L’Education Physique et Sportive (EPS), a toute sa raison d’être dans l’enseignement et reste une matière importante comme les autres. Dans l’opinion publique, c’est le sport qui est enseigné dans les établissements publics aussi bien du primaire que du secondaire. Mais la nuance est vite établie par l’enseignant de l’EPS, Ulrich Lankpoédja qui clarifie : « Nous n’enseignons pas le sport mais plutôt l’Education Physique et Sportive (EPS), parce qu’entre l’EPS et le sport, il y a une grande différence. » Selon ses explications, la différence réside dans le fait que le sport est toute activité physique motrice codifiée et institutionnalisée pouvant donner lieu à des compétitions suivant un règlement bien défini. « On parle de la motricité parce qu’avec le sport, on se déplace, le corps est en mouvement. C’est codifier parce qu’il y a un code qui est dans ce contexte, le règlement qui régit l’activité. Il y a des institutions comme les fédérations et comités qui gèrent le sport », fait-il savoir.
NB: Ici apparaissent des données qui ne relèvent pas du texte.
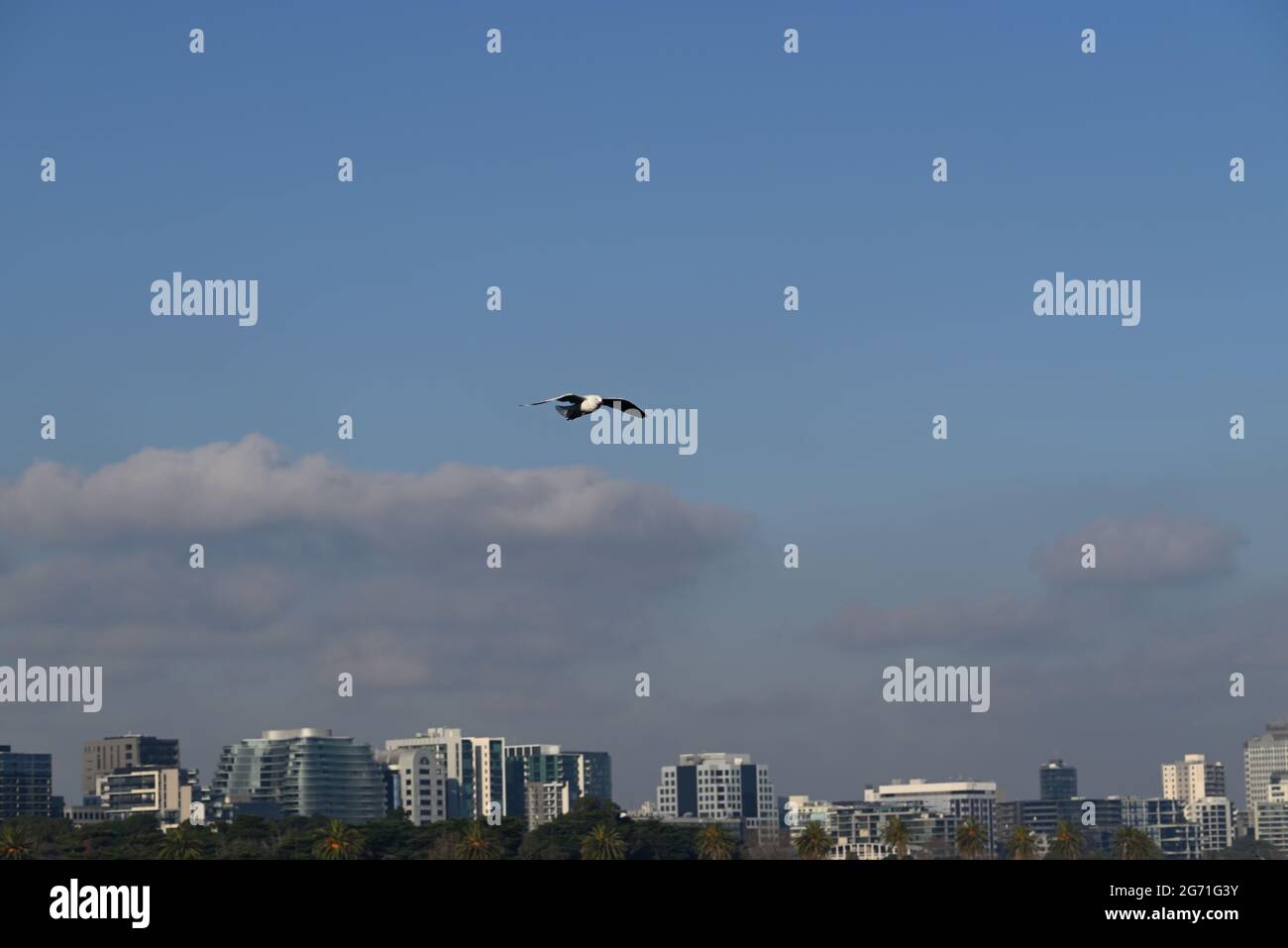 An adult silver gull, commonly known as a seagull, in flight, with clouds and a city skyline in the background Stock Photo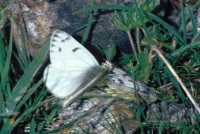 Pontia callidice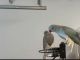 Indian Ringneck Birds for sale in Dallas, Texas. price: $3,000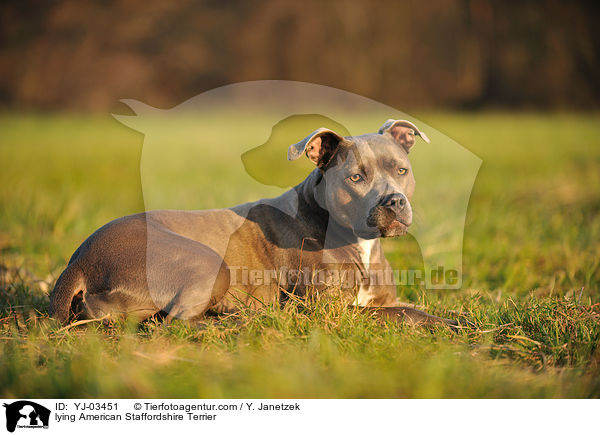 lying American Staffordshire Terrier / YJ-03451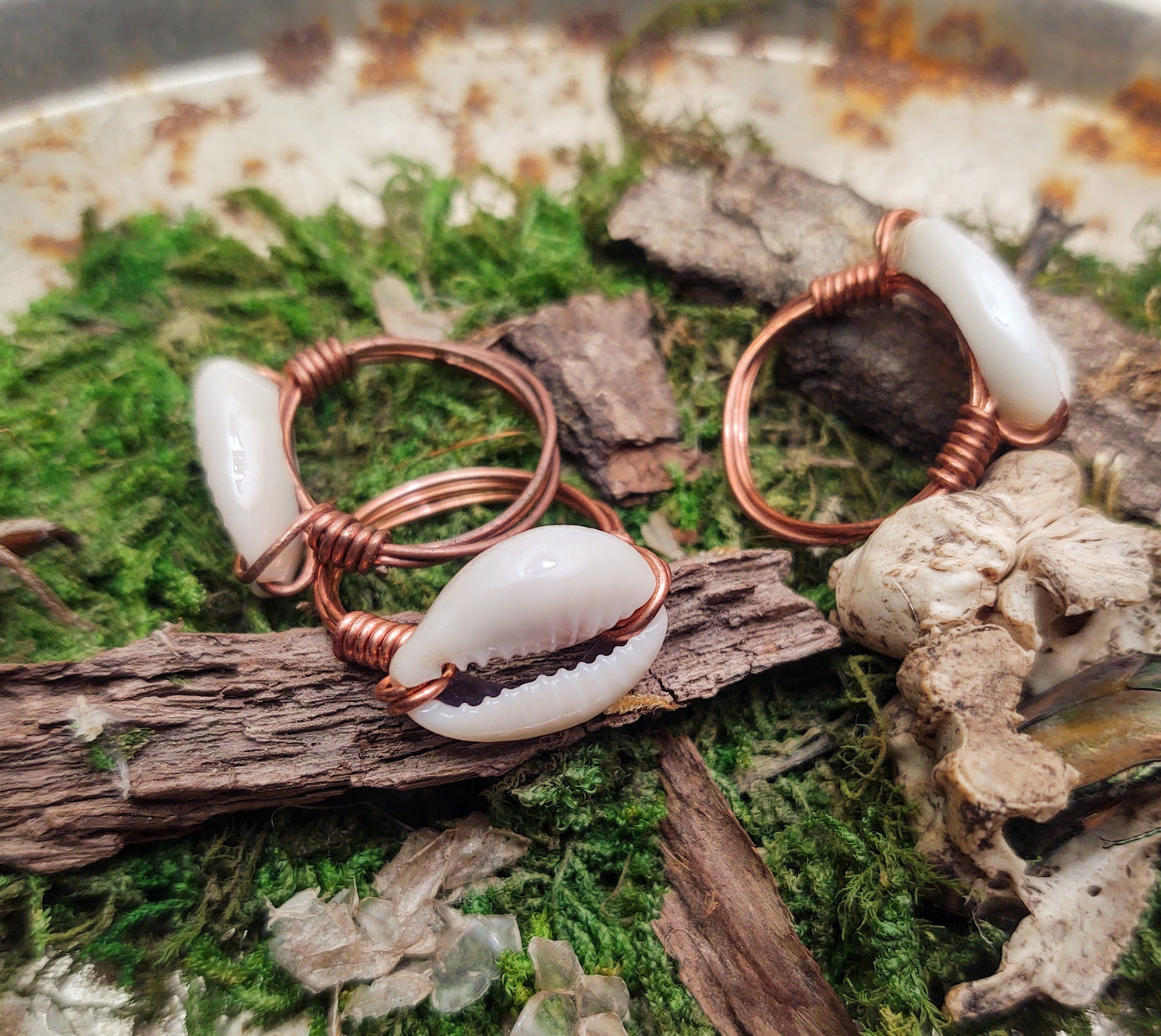 Copper Cowrie Shell Rings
Par contre, poursuit-il, l’EPS est une discipline d’enseignement au même titre que les autres matières qui permet aux apprenants, d’avoir des notions de base sur les activités physiques et sportives. Ici, ce sont des notions pédagogiques avec des objectifs variés qui sont enseignées aux apprenants. Enseignant d’EPS au CEG Koudo et au CEG Agamè dans la commune de Lokossa, William Tognihuidé renchérit que l’EPS joue un rôle significatif dans le système éducatif d’un pays pour plusieurs raisons essentielles allant d’abord du développement physique des élèves à leur bien-être émotionnel et social. L’importance de l’EPS dans le système éducatif, souligne-t-il, c’est qu’il participe à l’éducation à la citoyenneté, à l’apprentissage des compétences de vie.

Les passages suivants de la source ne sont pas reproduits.